34 De nombreuses garanties établies dans la Déclaration canadienne des droits ont accédé au rang de garanties constitutionnelles lorsque la Constitution a été modifiée et que la Charte est entrée en vigueur en 1982. Toutefois, la Déclaration canadienne des droits prévoit deux garanties que la Charte n’accorde pas expressément. L’alinéa 1a) garantit à tout individu la jouissance de ses biens, dont il ne peut être privé que par l’application régulière de la loi. L’alinéa 2e) garantit à chacun une audition impartiale, selon les principes de justice fondamentale, pour la définition de ses droits et obligations.
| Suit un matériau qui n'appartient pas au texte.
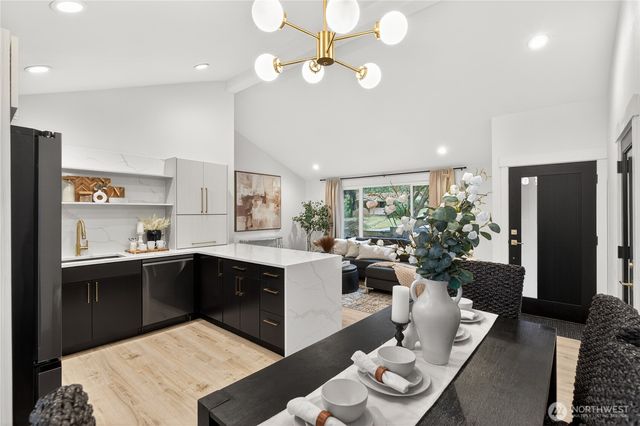 14551 Ashworth Avenue N, Shoreline, WA 98133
Ces deux dispositions sont au coeur du présent pourvoi.

B. L’alinéa 1a) de la Déclaration canadienne des droits

35 L’alinéa 1a) de la Déclaration canadienne des droits reconnaît « . . . le droit de l’individu à la vie, à la liberté, à la sécurité de la personne ainsi qu’à la jouissance de ses biens, et le droit de ne s’en voir privé que par l’application régulière de la loi ».

36 L’intimé a prétendu que le par. 5.1(4) de la Loi sur le ministère des Anciens combattants l’a dépossédé, sans application régulière de la loi, de son droit aux intérêts sur ses fonds. La question est de savoir ce qu’il faut entendre par l’application régulière de la loi, garantie par la Déclaration canadienne des droits, dans le contexte de l’extinction de droits de propriété. L’intimé invoque trois types de garanties d’application régulière de la loi :

i) des droits procéduraux préalables à l’adoption d’une loi par le législateur;

ii) des droits procéduraux préalables à l’application d’une loi à sa situation personnelle;

iii) des garanties substantielles contre l’expropriation de ses biens par l’État.
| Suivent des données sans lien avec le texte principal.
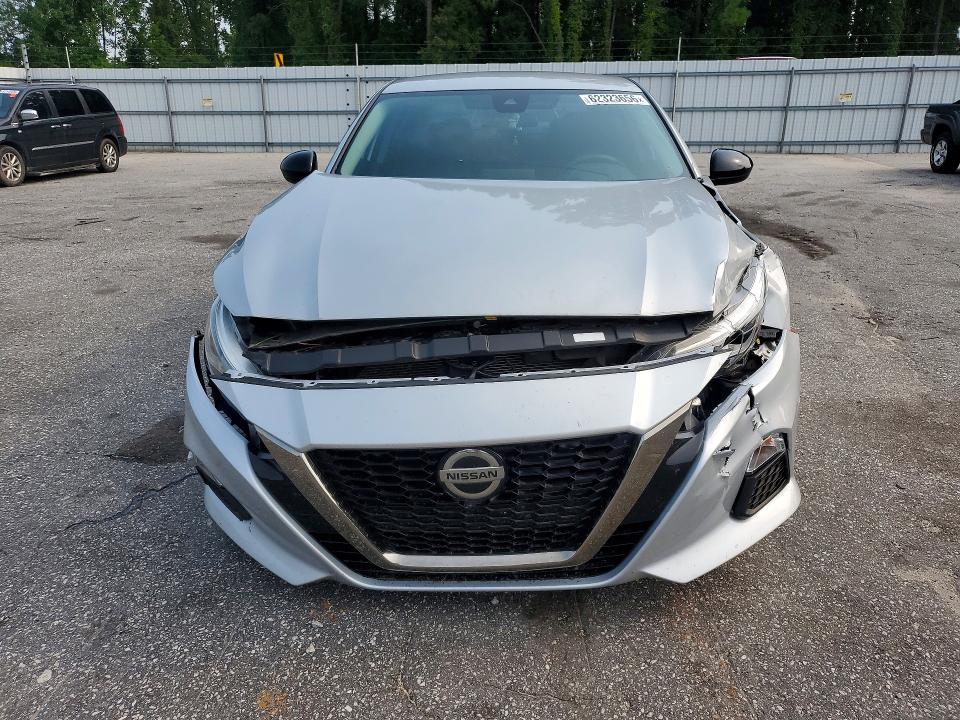 Photo 5 from auction – 2021 NISSAN ALTIMA with VIN 1N4BL4CV4MN420275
Aucune de ces prétentions ne vient en aide à l’intimé.

(1) Droits procéduraux liés au processus législatif

37 L’intimé a soutenu avoir droit à un préavis et à une audition lui permettant de contester l’adoption du par. 5.1(4) de la Loi sur le ministère des Anciens combattants. Toutefois, un tel droit n’existait pas en 1960 et n’existe toujours pas aujourd’hui. Selon notre longue tradition parlementaire, il est clair que tout ce qu’un citoyen canadien peut exiger, sur le plan procédural, c’est qu’un projet de loi fasse l’objet de trois lectures à la Chambre des communes et au Sénat et qu’il reçoive la sanction royale. Une fois ce processus mené à terme, les mesures législatives prises par le Parlement dans les limites de sa compétence sont inattaquables.
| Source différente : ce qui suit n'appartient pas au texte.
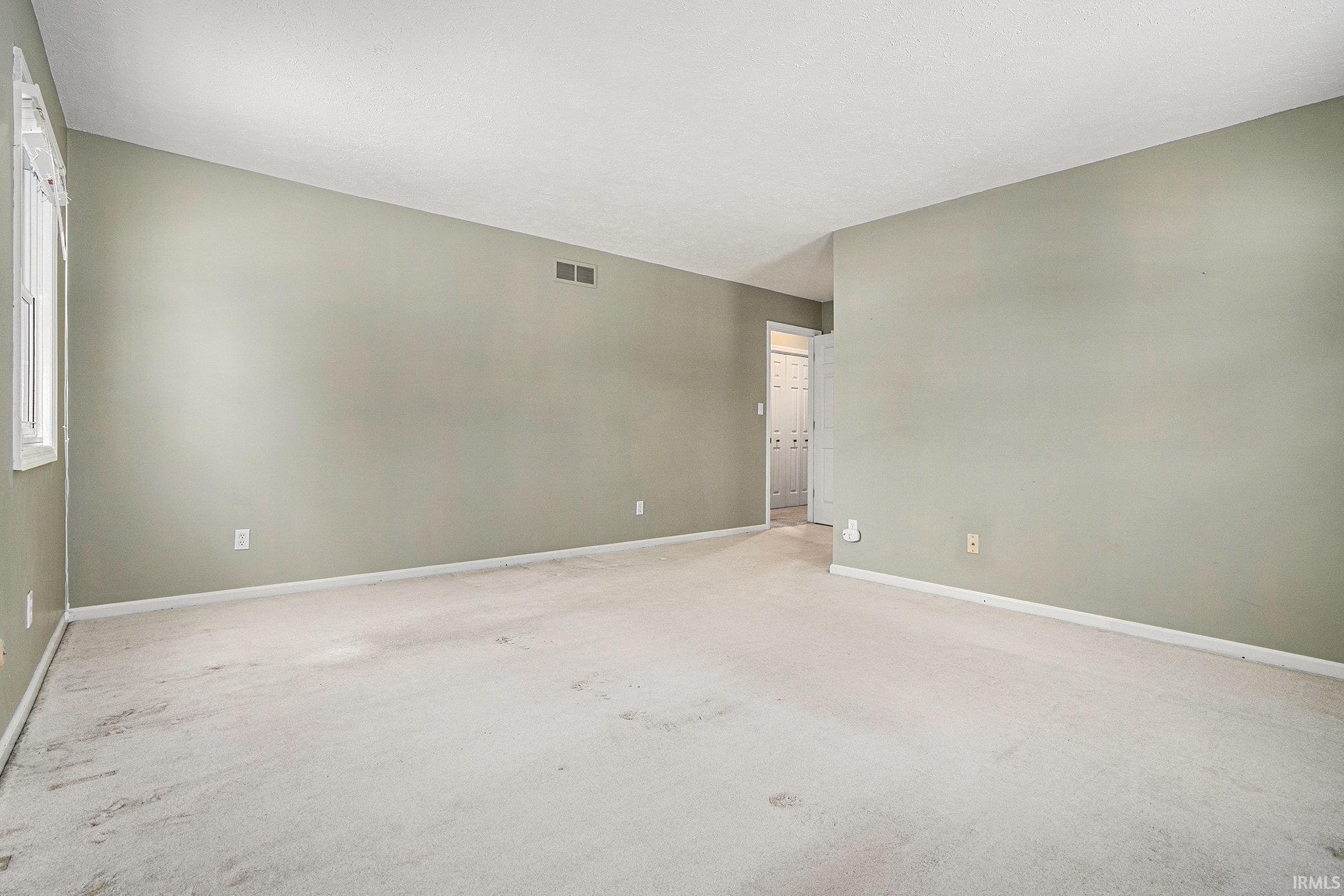 Granger, Indiana 46530, United States, 4 Bedrooms Bedrooms, ,3 BathroomsBathrooms,Residential,Pending,250928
38 Dans le Renvoi : Résolution pour modifier la Constitution, [1981] 1 R.C.S. 753, p. 785, la Cour dit :

La façon dont les chambres du Parlement procèdent, celle dont une assemblée législative provinciale procède est dans chaque cas une question d’auto‑définition, sous réserve de prescriptions constitutionnelles prépondérantes, ou de prescriptions auto‑imposées par la loi ou internes. Il est inutile en l’espèce de se lancer dans un examen historique de l’aspect « judiciaire » du Parlement et de l’immunité de ses procédures au contrôle judiciaire. Les tribunaux interviennent quand une loi est adoptée et non avant (à moins qu’on ne leur demande leur avis sur un projet de loi par renvoi). Il serait incompatible avec le pouvoir d’auto‑régulation (« inhérent » est un mot aussi approprié) des chambres du Parlement de nier leur capacité d’adopter des résolutions. On peut à bon droit se référer à l’art. 9 du Bill of Rights de 1689, qui fait indubitablement partie du droit du Canada et qui prévoit que [traduction] « les procédures du Parlement ne devront pas être attaquées ou mises en question [devant] un tribunal [ni] ailleurs hors du Parlement ».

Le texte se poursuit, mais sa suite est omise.